Comet dust grains almost certainly have different characteristic sizes, compositions, and albedos from asteroid dust, and thus may behave differently in response to the various forces discussed above. Perihelion passage of a large comet such as P/Halley releases grains with surface area of order 10^-5 of that in the entire zodiacal cloud. If the PR destruction time scale of typical cometary grains is assumed to be roughly 10⁵ yr (as for asteroidal grains) then P/Halley may contribute 1% of the equilibrium zodiacal dust population during its (maximum) life of 10⁵ yr ~ 10³ orbits.

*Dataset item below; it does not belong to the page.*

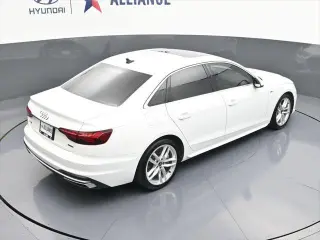 Audi A4 2022 AWD quattro S line Premium Plus 45 TFSI 4dr Sedan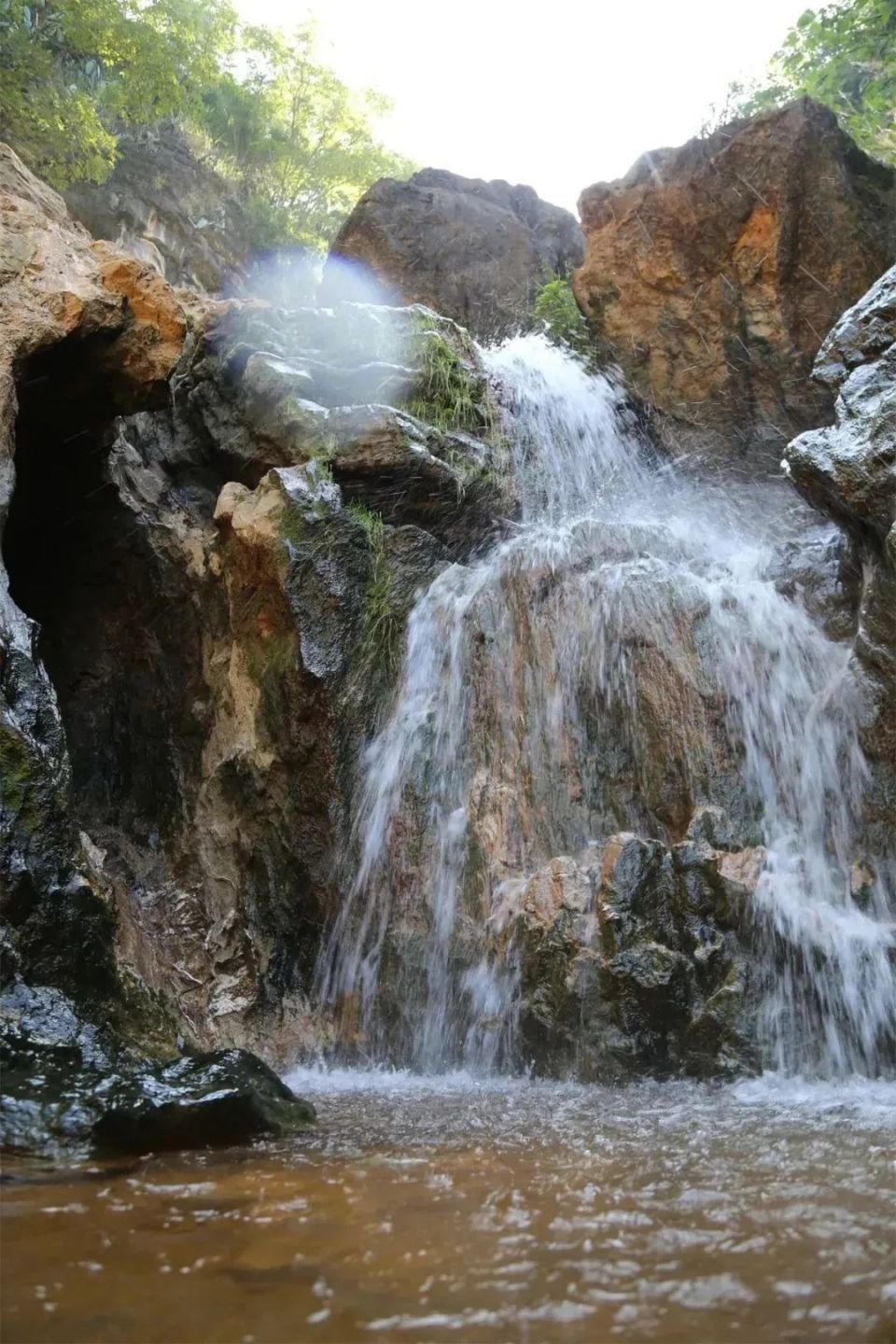 小河淌水照片图片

Lower and upper limits on the Kuiper Belt dust parent body (comet nuclei) population (Cochran et al. 1995 and Backman et al. 1995, respectively) imply that the surface density of collisionally-produced KB dust is comparable to that in the inner solar system zodiacal cloud. These grains should drift toward the Sun via PR drag. However, for them to make a noticeable contribution to the inner solar system dust population, they must survive: a) collisions with interstellar grains, which may be especially important for larger and more slowly-drifting KB grains that are exposed to bombardment for longer intervals, and b) gravitational perturbation by the Jovian planets that can trap grains in resonances and/or eject them from the solar system; again, this should be more important for slowly-drifting large grains. Both effects are the subject of present modeling efforts (e.g. Liou et al. 1996). Gauging their efficiency is important because without these effects the relative densities indicate that a significant fraction of the inner solar system dust could actually be originally from the KB (Flynn 1996; Backman et al. 1997).

Interstellar grains are expected to be a significant source of the smallest particles in the outer solar system. Ulysses detected ISM dust in the outer solar system coming from the direction of the solar motion through the galaxy (Grün et al. 1994). In-situ measurements indicate that ISM dust surface density is only of order 0.1% of IDP density at 1 AU (Grogan et al. 1996).